Vor einer Berechnung des Scope 3 muss geklärt sein, welche Daten überhaupt ermittelt werden. Eine gute Orientierung bietet das Greenhouse-Gas-Protocol. Das Dokument unterscheidet zwischen acht vorgelagerten Faktoren und sieben nachgelagerten Kategorien. Vorgelagerte Emissionen können aus eingekauften Waren und Dienstleistungen, Kapitalgütern sowie Energie- und brennstoffbezogene Aktivitäten entstehen. Auch vorgelagerter Transport und Distribution hat Auswirkungen auf den Scope 3. Weitere Faktoren sind Abfälle, Dienstreisen, das Pendeln von Mitarbeitenden zum Arbeitsplatz sowie angemietete oder geleaste Sachanlagen.
Zu den nachgelagerten Emissionen zählen zunächst der Transport und die Distribution an Kunden oder Endnutzer. Hinzu kommen Verarbeitung, Gebrauch sowie Entsorgung des Produkts. Doch nicht auf Produktebene gibt es nachgelagerte Faktoren, die berücksichtigt werden müssen, etwa Investitionen sowie vermietete oder verleaste Sachanlagen. Besitzt ein Unternehmen mehrere Franchises kommen deren Emissionen ebenfalls hinzu.
Chancen und Risiken des Scope 3
Aus der möglichst exakten Bestimmung eines Carboon Footprints entsteht eine Transparenz, die es Verbrauchern ermöglicht, nachhaltig einzukaufen und zu konsumieren. Auch Investoren können Klimarisiken besser abschätzen – und Behörden werden im Zuge der CSRD-Berichterstattung von Unternehmen Nachweise einfordern. Doch die unsichere Datenlage bei der Ermittlung des Scope 3 hat auch Nachteile. Experten erwarten starke sektorspezifische Verzerrungen. Eine Ursache liegt in der ungenauen Vorgabe des Greenhouse-Gas-Protocols.

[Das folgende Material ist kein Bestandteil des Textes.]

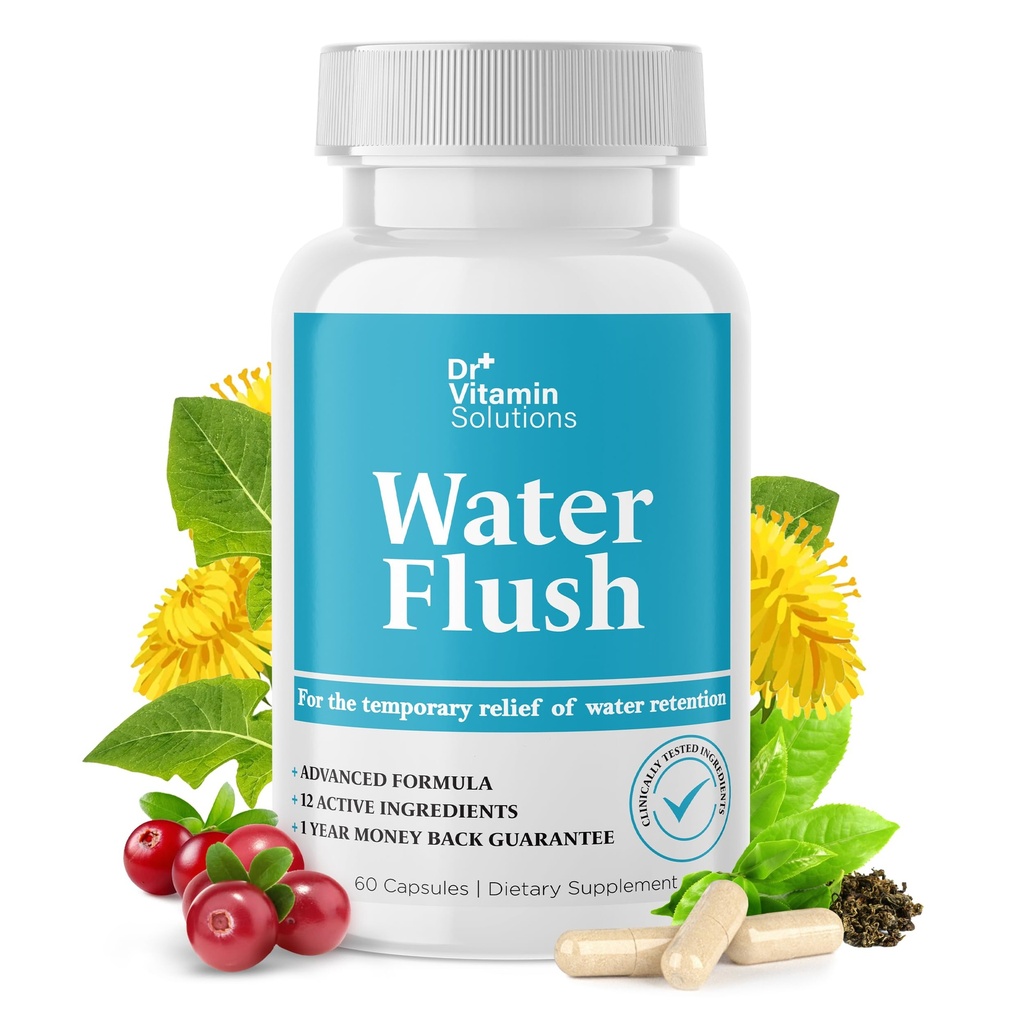 DR VITAMIN SOLUTIONS Diuretic Water Pills for Weight Control, 12 Active Ingredients (Green Tea, Cranberry &amp; More), Instant Relief from Bloat &amp; Swelling, Water Retention Pills for Women &amp; Hombre - 60 Caps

Es mangelt an gemeinsamen Standards für die Berechnung der Emissionen selbst innerhalb der Sektoren. Für Unternehmen besteht deshalb die Herausforderung, sich selbst möglichst hohe Standards zu setzen und diese mit vorhandenen Daten abzusichern, um klimafreundliches Wirtschaften zweifelsfrei nachzuweisen.